About tokens
Moderator: General Moderators
About tokens
I was thinking of a way to stop CSRF attacks. And the principle of tokens seems flawed in a way. The hacker could load up the page to generate the token and check the source code or cookies or wherever you put it, and then send it along with his spoofed data. Am I missing something? Is there a safe way to store the token so that it's not accessible to the user but still transfered through the form? What if you send the form with javascript and generate the token at that time, is that safe?
- kaisellgren
- DevNet Resident
- Posts: 1675
- Joined: Sat Jan 07, 2006 5:52 am
- Location: Lahti, Finland.
Re: About tokens
Yes. CSRF exploits the trust that the site has over the user. In your demonstration, you skipped it. When an attacker is doing a CSRF, the process goes through the victim, thus, such source reading is not possible unless the attacker has also managed to put some kind of malicious software on victim's computer or if the target website has other security holes such as XSS holes, in which case it does not matter if the attacker succeeds to do a CSRF.cybz wrote:Am I missing something?
Re: About tokens
Ok perhaps i was not exact about the term CSRF, I was more speaking of forgeries in general, not necessarily passing through a victim.
- kaisellgren
- DevNet Resident
- Posts: 1675
- Joined: Sat Jan 07, 2006 5:52 am
- Location: Lahti, Finland.
Re: About tokens
The fact is, you cannot force anyone to submit POST data through your "form". There is no such thing. Tokens will make sure that under normal situations (no cracking), the form is submitted through your form, which prevents CSRF.
I am not sure what are you looking for?
I am not sure what are you looking for?
Re: About tokens
Indeed I was looking for a way to make sure that the data came from my form and nowhere else. I guess I was too ambitious.
- kaisellgren
- DevNet Resident
- Posts: 1675
- Joined: Sat Jan 07, 2006 5:52 am
- Location: Lahti, Finland.
Re: About tokens
Of course the user can submit the data from anywhere. The point of tokens in forms is to make sure that no attacker can make the victim to submit data.cybz wrote:Indeed I was looking for a way to make sure that the data came from my form and nowhere else.
Re: About tokens
Here's an idea:
User fill out form and click the send button (which triggers javascript rather than send the form)
Javascript opens http request to generate token
If operation was a success, send form with the data and the token
The server-side file checks if the token is valid, and executes its operations
Javascript opens another request to delete the token
That would be pretty hard to crack now wouldn't it
User fill out form and click the send button (which triggers javascript rather than send the form)
Javascript opens http request to generate token
If operation was a success, send form with the data and the token
The server-side file checks if the token is valid, and executes its operations
Javascript opens another request to delete the token
That would be pretty hard to crack now wouldn't it
- kaisellgren
- DevNet Resident
- Posts: 1675
- Joined: Sat Jan 07, 2006 5:52 am
- Location: Lahti, Finland.
Re: About tokens
Sorry, it would not be.cybz wrote:Here's an idea:
User fill out form and click the send button (which triggers javascript rather than send the form)

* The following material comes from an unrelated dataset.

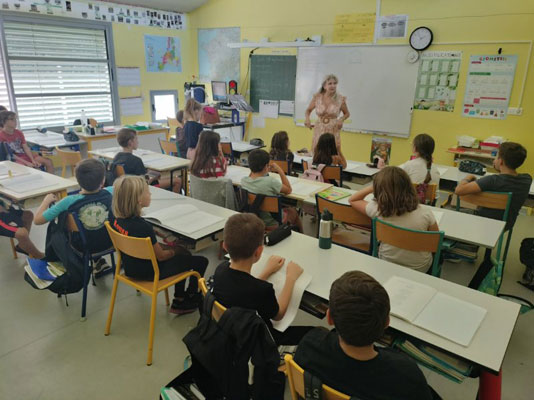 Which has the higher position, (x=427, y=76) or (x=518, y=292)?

Javascript opens http request to generate token
If operation was a success, send form with the data and the token
The server-side file checks if the token is valid, and executes its operations
Javascript opens another request to delete the token
That would be pretty hard to crack now wouldn't it
I have no time to go deeper into that, but it is rather easy to connect to the site and evaluate the same operations as what the JavaScript does.
Seriously. Think about Firefox. Why would any other software or crackers not be able to operate JavaScript or just execute the necessary procedures? I just grab Firefox source and customize it into my own cracking tool. Phew, it is far easier than that actually.
More over, having a protection yields in nothing. You would need to use a defense, which does not exist for this.
Re: About tokens
You are right, dang! I guess there's no way around it.